Salt Lake City’s Water Week kicks off with Hogle Zoo scavenger hunt
By ben Fulton
The Salt Lake TribuneFirst published May 06 2012 05:32PM
The blue-lettered placards placed at key locations throughout Hogle Zoo for Salt Lake City’s Water Week of conservation education range from the shocking to the outright savage.
Find at least four of these six placards, as did the Beal children of Idaho Falls, Idaho, during Water Week’s kickoff Sunday morning, and you’ll score temporary tattoos for the kids. More than that, you’ll glean conversation-worthy knowledge about the connections between wildlife and water.
The scavenger hunt designed for families is just one of a deluge of activities scheduled through Saturday, when Water Week offers everything from gardening tips and sales to lectures, children’s story time and a fly-fishing demonstration.
Not even film buffs have been left out of the action: Documentaries are available about the Great Salt Lake shoreline and one U.S. serviceman’s personal battle against water contamination at a North Carolina Marine base.
Clint Beal, a 25-year-old pipe worker who takes the family on regular trips to Salt Lake City for daughter Brina’s juvenile rheumatoid arthritis, said he jumped at the chance to learn more through Sunday’s scavenger hunt. The chance for other families to do the same lasts through Saturday.
"Heck, yeah," Beal said. "It’s something to keep us involved, instead of just walking around looking."
The Beal family read one placard after watching 2-year-old elephant Zuri roll in mud and scratch her hind ankle, learning that elephants sometimes walk 60 miles — about the distance between Salt Lake City to Provo — for a drink.

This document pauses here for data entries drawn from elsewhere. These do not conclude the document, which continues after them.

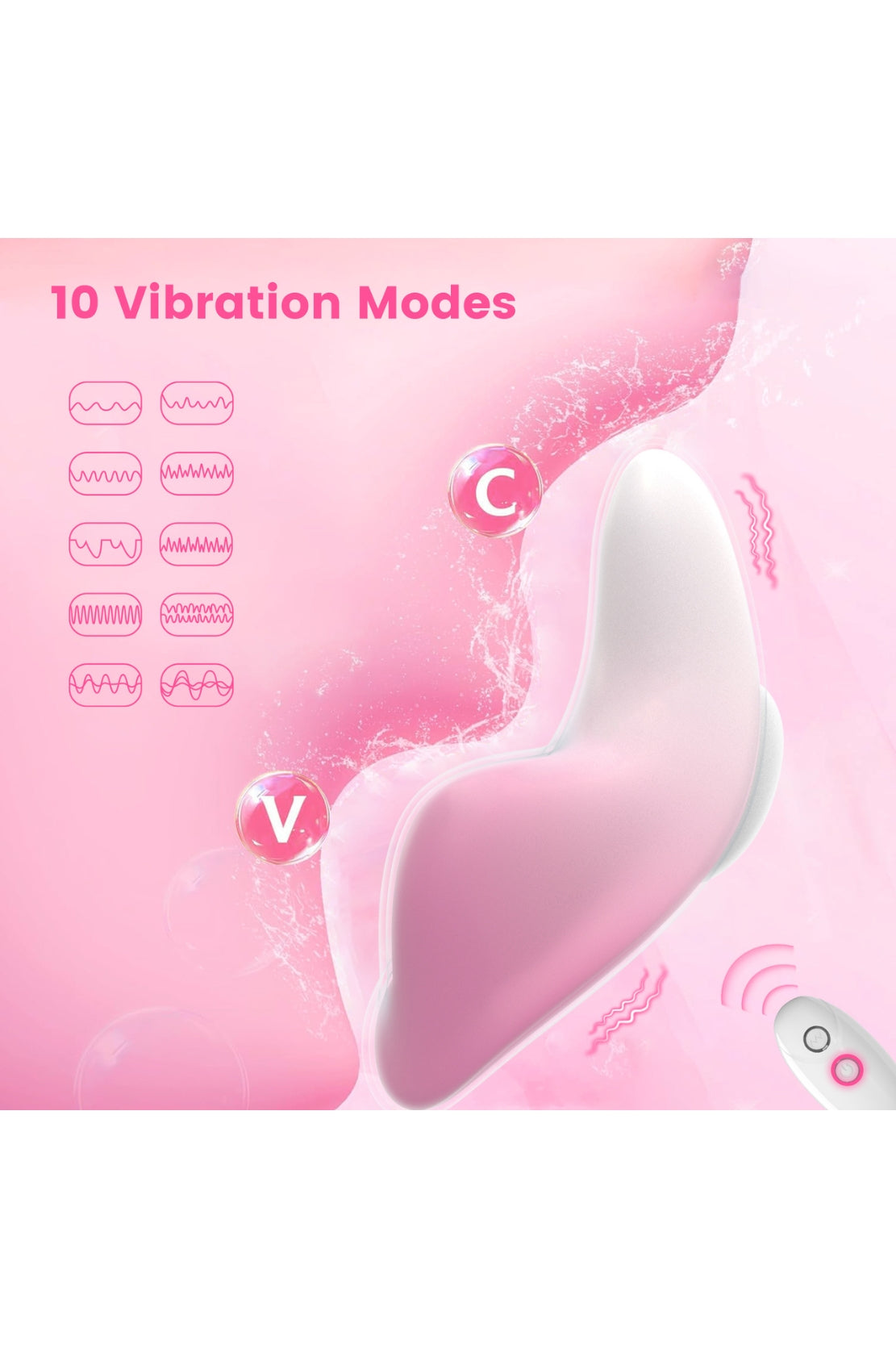 VIBRADOR PARA PANTY VELTY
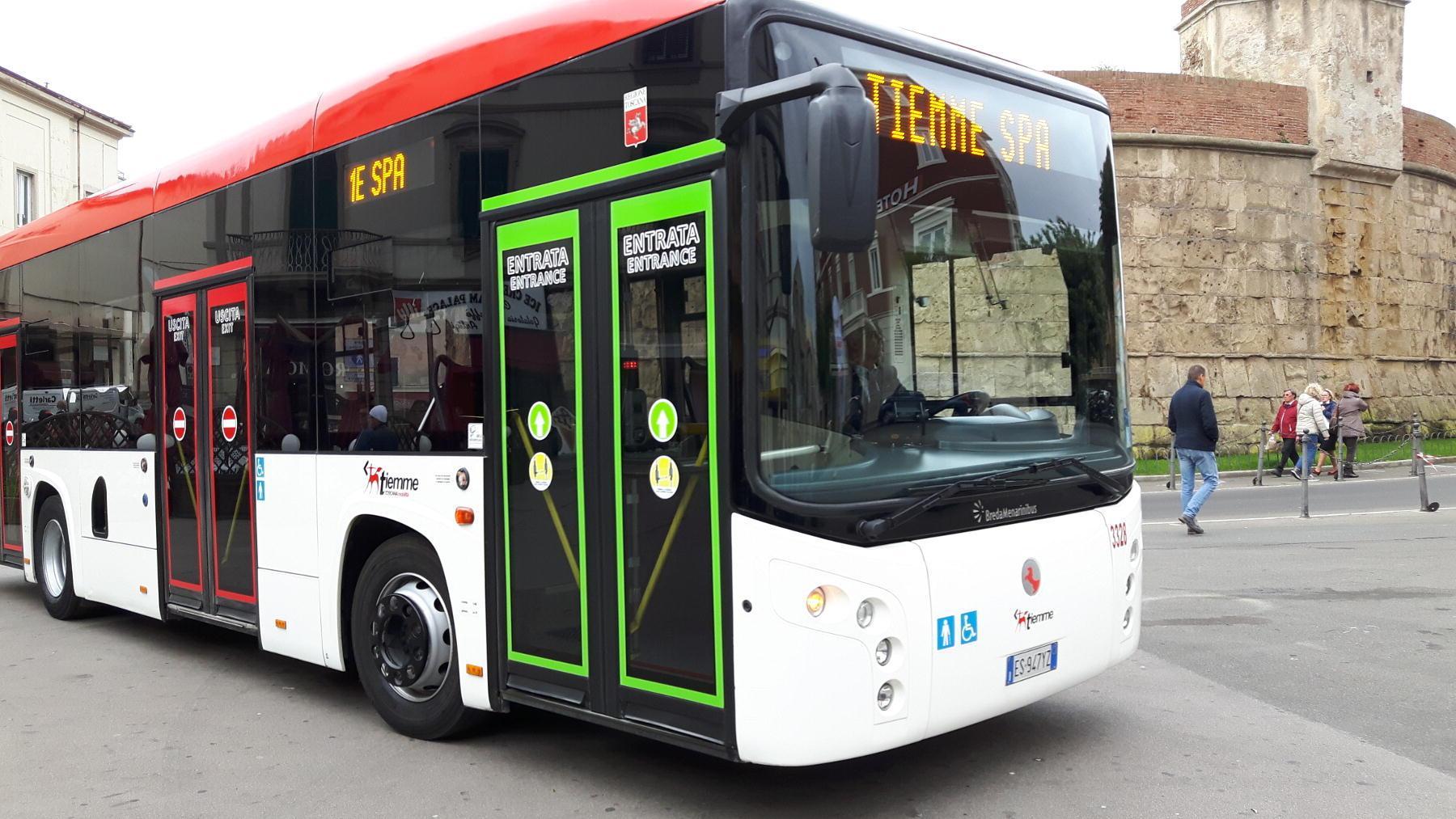 Un autobus Tiemme 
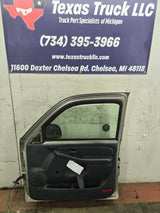 1999-2006 Chevrolet Silverado / GMC Sierra 1500 2500 3500 HD Front Passenger side Door RH - Pewter Metallic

Another, read while senior camel Gobi raised his arthritic legs, said that contrary to popular thought, camels don’t store water in their humps, which store fat. Water is stored in the walls of a camel’s stomach, where it’s released gradually before the next 50-gallon fill-up.

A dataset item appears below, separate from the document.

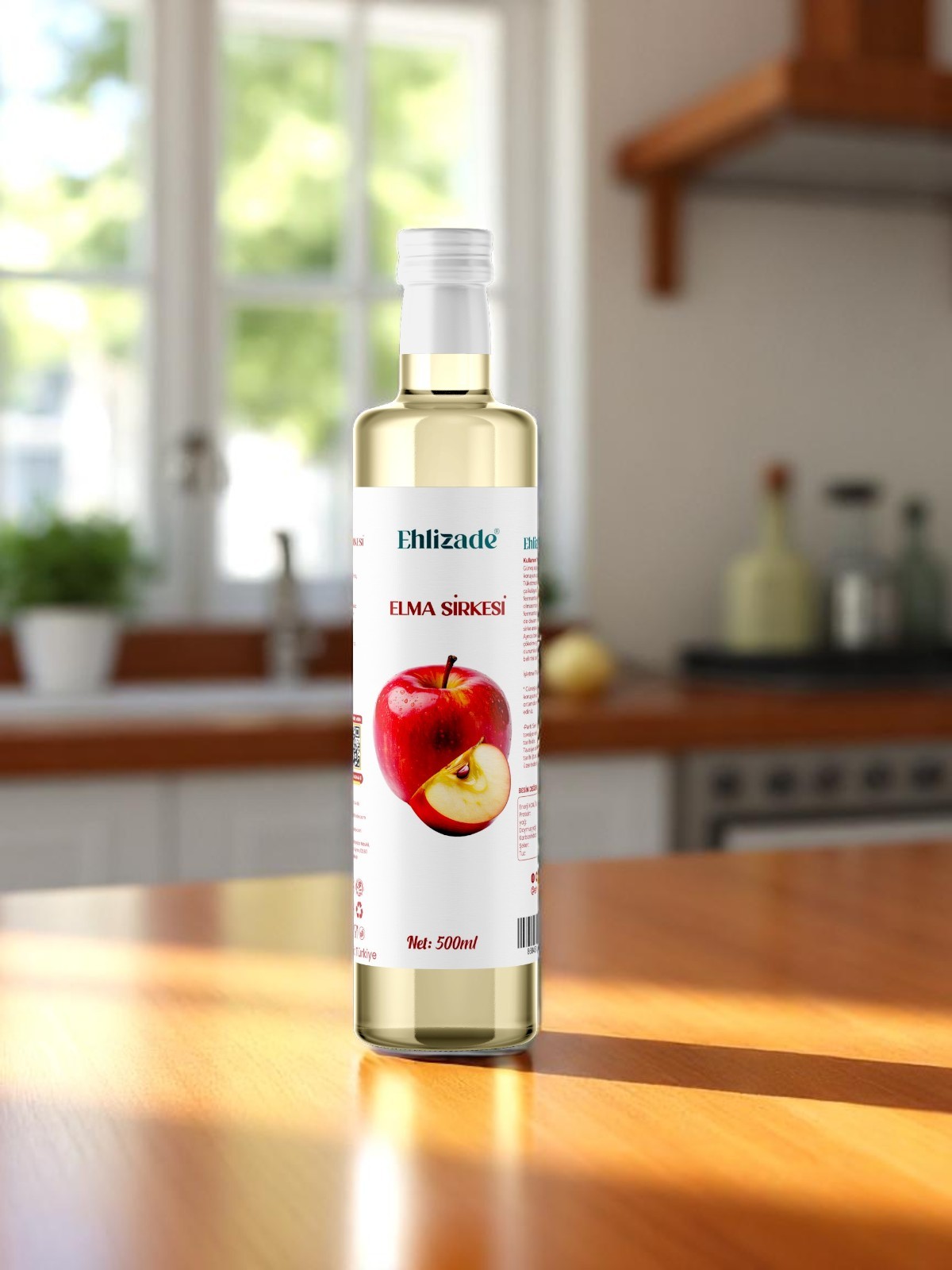 Elma Sirkesi 500 Ml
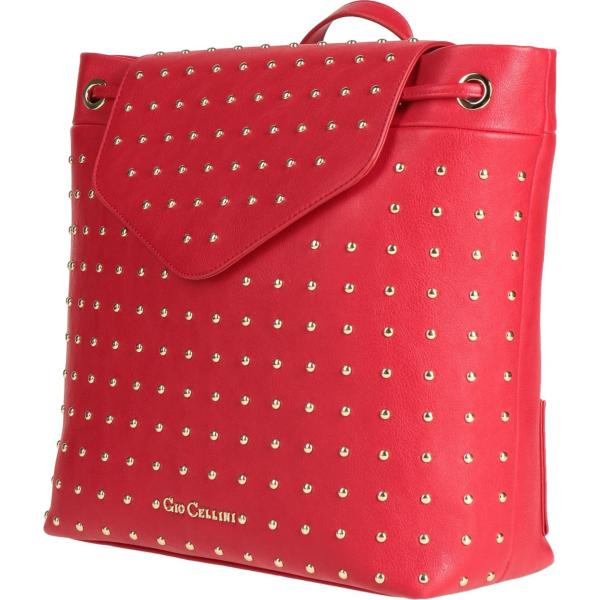zaini Gio Cellini Milano rosso tinta unita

The zoo’s stunning Amur tigers, a trio of brothers, become even more fearful in their dazzling symmetry after reading the Water Week placard nearby.
"Tigers don’t just use water for drinking," it reads. "They often hide by water holes waiting for unsuspecting prey to stop by for a drink. After dinner, a tiger might take a dip in the water hole to cool off and play. Who doesn’t like a trip to the pool or a hot day?"

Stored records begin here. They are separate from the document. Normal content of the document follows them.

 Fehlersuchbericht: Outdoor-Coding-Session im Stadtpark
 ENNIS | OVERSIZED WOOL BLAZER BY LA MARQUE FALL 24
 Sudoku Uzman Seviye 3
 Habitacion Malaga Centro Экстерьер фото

For Beal, the most shocking placard stood by the zoo’s famous water fountain enclosed in the gaping mouth of a plastic lion.
"How can you help reduce the demand on water supplies?" it asks. "Tap it! Bottled water requires a lot of energy and water for bottling and transport. Drinking tap water leaves more to go around."
"I never knew that bottled water actually wasted water," Beal said. "I always thought it was the opposite. I’ll pass that on at work, the in-laws and everyone I know."
That, of course is the point, for public education programs in the spirit of Water Week. The legislative brainchild of then-House Minority Leader Ralph Becker in 2007, before he became Salt Lake City mayor, his bill was signed into law and designated for the first full week of May as State Water Week by then-Gov. Jon Huntsman Jr.
Utah boasts two national distinctions when it comes to water use, according to the website of the Utah Rivers Council, a nonprofit organization advocating the conservation and stewardship of Utah rivers. Living in the second most arid state after Nevada, Utah residents use more water per capita than any other state. On top of that, our water rates are the second lowest in the nation. The low cost of water, up to 70 percent used outside the home, according to the council, makes conservation difficult.
Liz Larsen, conservation coordinator for Hogle Zoo, said the scavenger hunt was a natural fit for the zoo’s third year of participation in Water Week.
"Water in our state is a concern to us. Something we see every day in the care of our animals is their relationship with water," she said.
The zoo will become even more water-oriented with the June 1 opening of its "Rocky Shores" exhibit of fresh- and salt-water animals, including two river otters, three harbor seals and three sea lions. Larsen said water for those exhibits will be recycled and filtered in a closed loop system so that the habitat pools won’t require draining and refilling.
"That saves us water — big time," Larsen said.